Last house on the left
One has to admire the deceiving simplicity of that title.
Last house… end of the road, placed on a border. A place that still offers communal safety and yet already shows signs of separation. It’s the last house
…on the left, it’s not only placed on an outskirts but on the sinister side. This place is only one step removed from the fragile barrier that divides us from total anarchy and barbarism. A line too easily traversed into that feared dark zone where people freely succumb to their most vile, inhuman urges. A zone we know to begin not beyond the borders of town but within its outskirts where the dregs of society gathers.
It’s the very mother to the
don’t go alone places.
The title is a clever capitalization on a common fear, the fear of drifting away from communal safety, sliding down on the social ladder, forced by poverty into more unpleasant neighbourhoods. Neighbourhoods where, we
know that from watching Hollywood movies, the people live that shun society (not the other way around). People which prey upon those that dare to still hold on to a blue eyed believe of human dignity.
There’s a unspoken genius to that title.
It manages to summarize the whole movie into one single line. A single line of deceptive innocence ringing up a deep-set fear in us we can almost touch upon, almost, but not quite.
The title holds a elegance which the movie dearly misses.

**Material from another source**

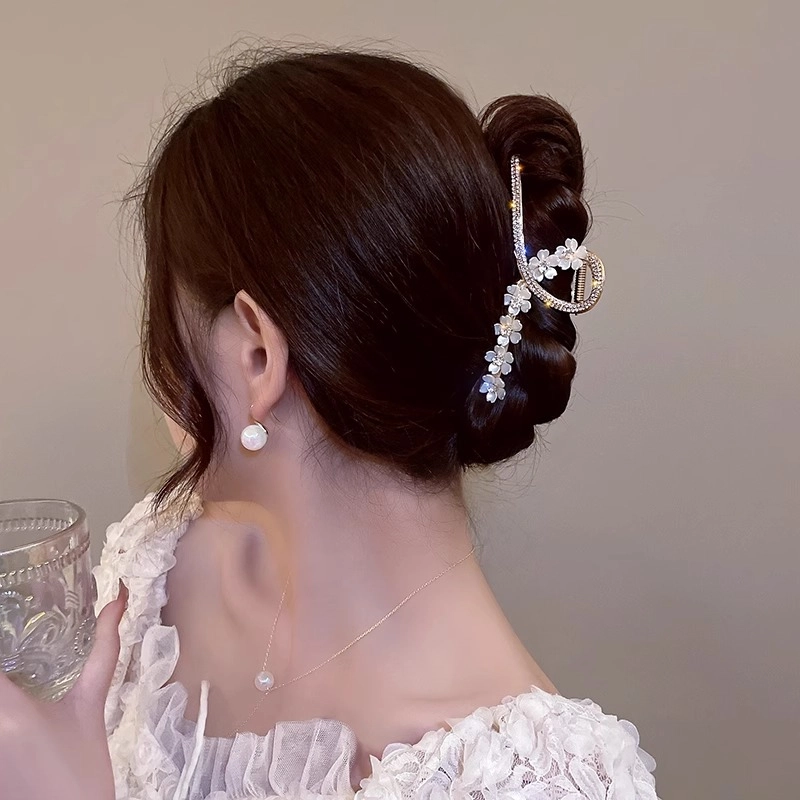 水中玉 花朵抓夹鲨鱼夹金属大号后脑勺夹子 发夹 女款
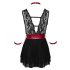 Cottelli Bondage - Spitzenbabydoll mit Halsband (schwarz) - XL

But the title’s promise of elegance in execution is readily dispelled by the posters motive that speaks of stark terror and victimization, at that we can’t blame the director. At least with the original, the not very inspired looking artwork for the remake makes you wonder if they not had the poster for a very
different house on mind:
House on the Cemetery holds a closer, but much more ‘inviting’ looking, semblance.